The Longhorns received mixed reviews in their win over the Aggies. Texas coach Jerritt Elliott expressed his displeasure with the team’s passing and there were 19 service errors. In the second set, Texas A&M erased a 17-10 deficit with a 12-0 run that featured five service aces.
“Our main focus was just to come out and get off the rust and really just compete,” said sophomore Autumn Rounsaville, who split reps at libero with fellow sophomore Claire Hahn.

White, though, looked the part of a two-time All-American. Returning setter Ashley Shook had 28 assists. Middle blockers Orie Agbaji and Brionne Butler also looked good in their springtime debuts.

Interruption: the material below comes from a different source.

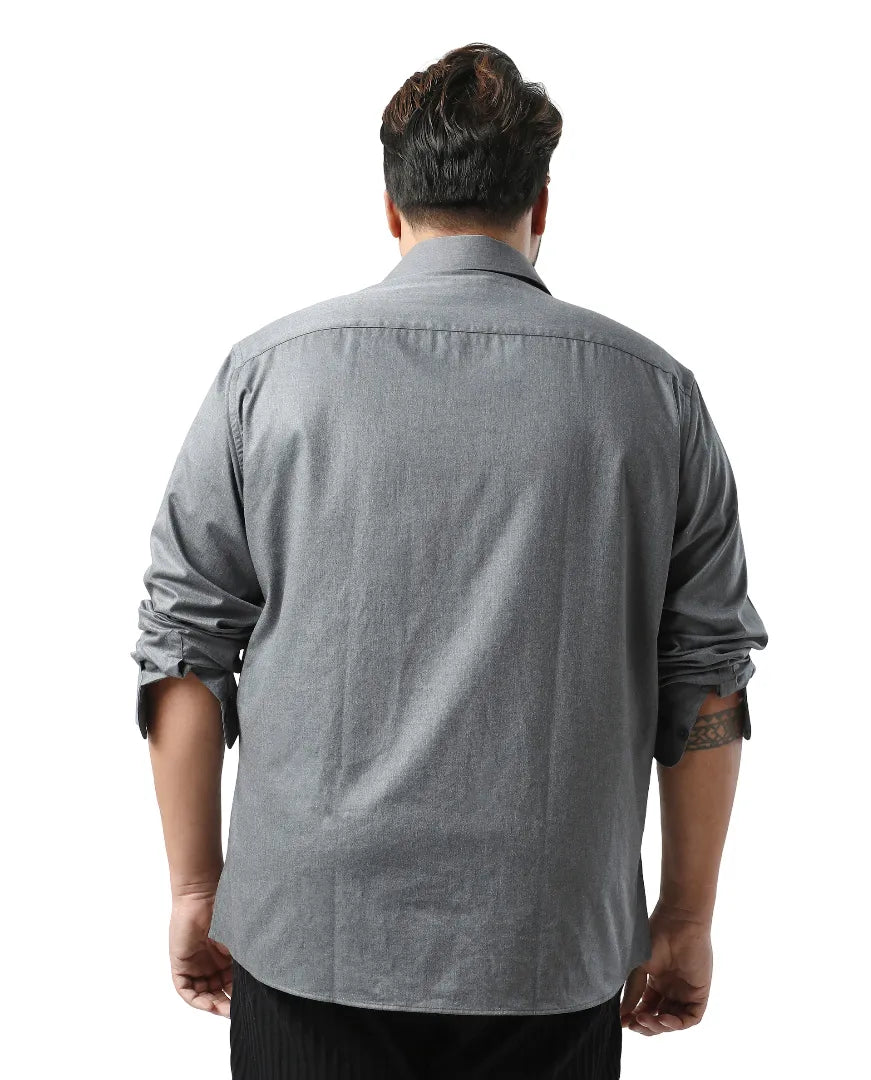 Rare Rabbit Men's Yok Big Dark Grey Cotton Poly Fabric Full Sleeve Spread Collar Button Closure Regular Fit Plain Shirt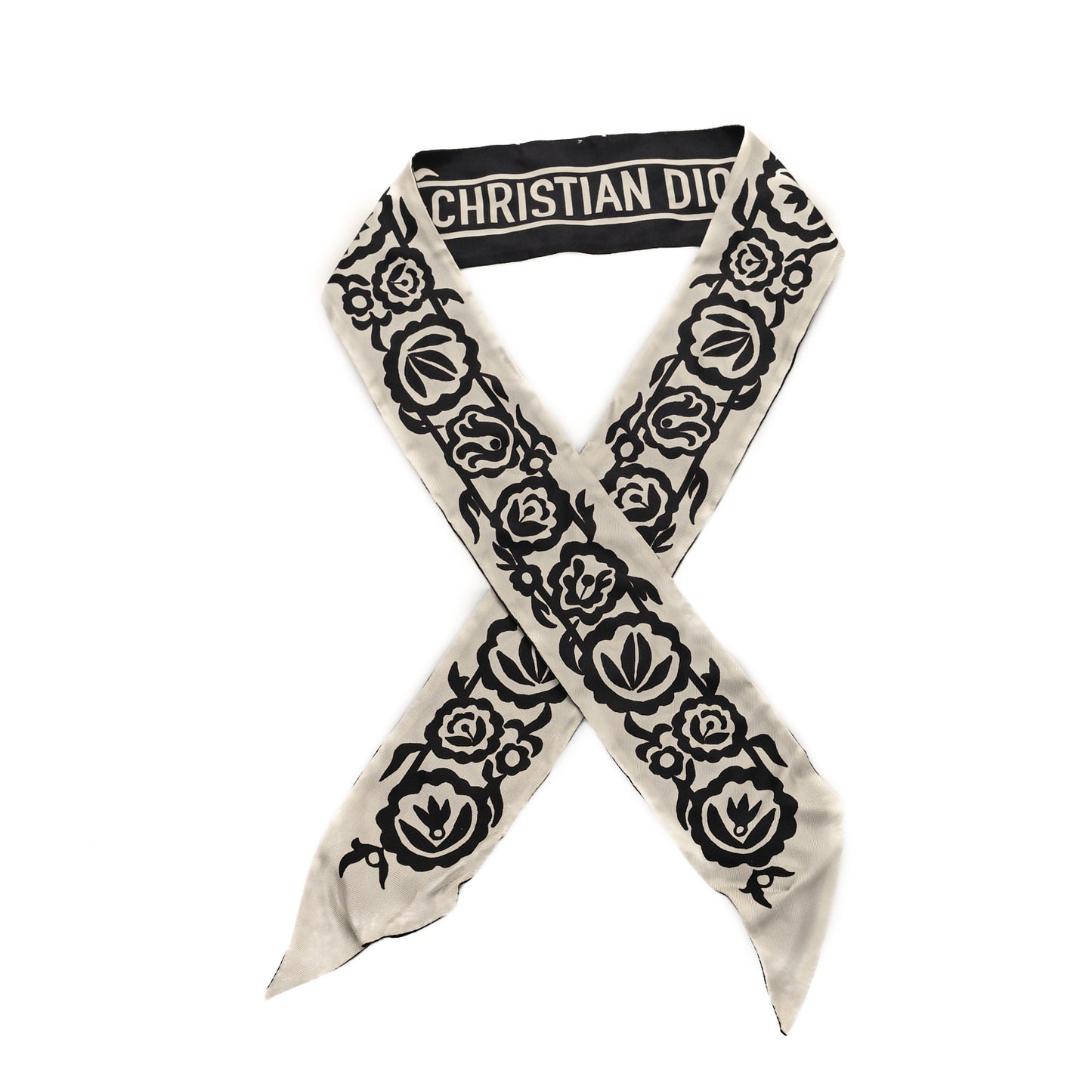 Silk Mexican Flowers Mitzah Scarf Black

Agbaji, a rising junior who has appeared in only 21 career matches, had six kills on 11 attempts while playing on the pin. A redshirt in 2017, Butler hit .571 with four blocks; her five kills were bookended by the scrimmage’s first play and the go-ahead point in the final set.
“You can’t even put a word on their potential,” said middle blocker Morgan Johnson, who will be one of UT’s two seniors this fall. “When you see them in the gym every day and the amount of un-human plays they make, sometimes your jaw just naturally drops at the things that they do.”

The program is moving off after the departures of four key players, three of whom were there Wednesday night — Chiaka Ogbogu, Texas’ career leader in blocks; Cat McCoy, the school’s all-time leader in digs; and Ebony Nwanebu, a two-time All-American. The fourth, rising sophomore Lexi Sun, who was once the nation’s top recruit, has transferred to Nebraska. The fourth senior from last season’s roster, Mirta Baselovic, is now a graduate assistant for the Longhorns.
Texas had braced for the losses of those four seniors, but Sun’s departure created unexpected turnover. And defensive specialist Olivia Zelon also left following her redshirt season. Zelon outlined her reasoning for quitting in a bridge-burning blog that prompted online defenses of UT’s program from former Longhorns.
Despite the headlines, Elliott insisted that the team’s culture was the best it’s been in years. The long-time coach partially attributed that statement to anger over last year’s loss in a regional final and having rising senior Yaazie Bedart-Ghani as the team’s authoritative voice.
Johnson later used an analogy to describe the locker room’s mindset in the off-season.
“You think about a hurricane, there’s a whole bunch of stuff swirling around,” Johnson said. “There’s a whole storm but there’s that one dot in the middle, the eye of the storm where everything’s just calm and peaceful. I feel like that’s where we were this spring. We were just big chilling.”
Texas has only 10 players on its roster, so Elliott has concentrated on ball control and service this spring. Johnson said some players have been asked at times to play out of position, “which makes us more scrappy.” Riley Fisbeck, for example, was used as a three-rotation defensive specialist on Wednesday but the La Grange native will return to her role as a backup setter this fall.
Help is on the way, too. Texas has signed middle blocker Asjia O’Neal and libero Sydney Petersen. Jhenna Gabriel, a setter from Hawaii, has committed but has not yet signed.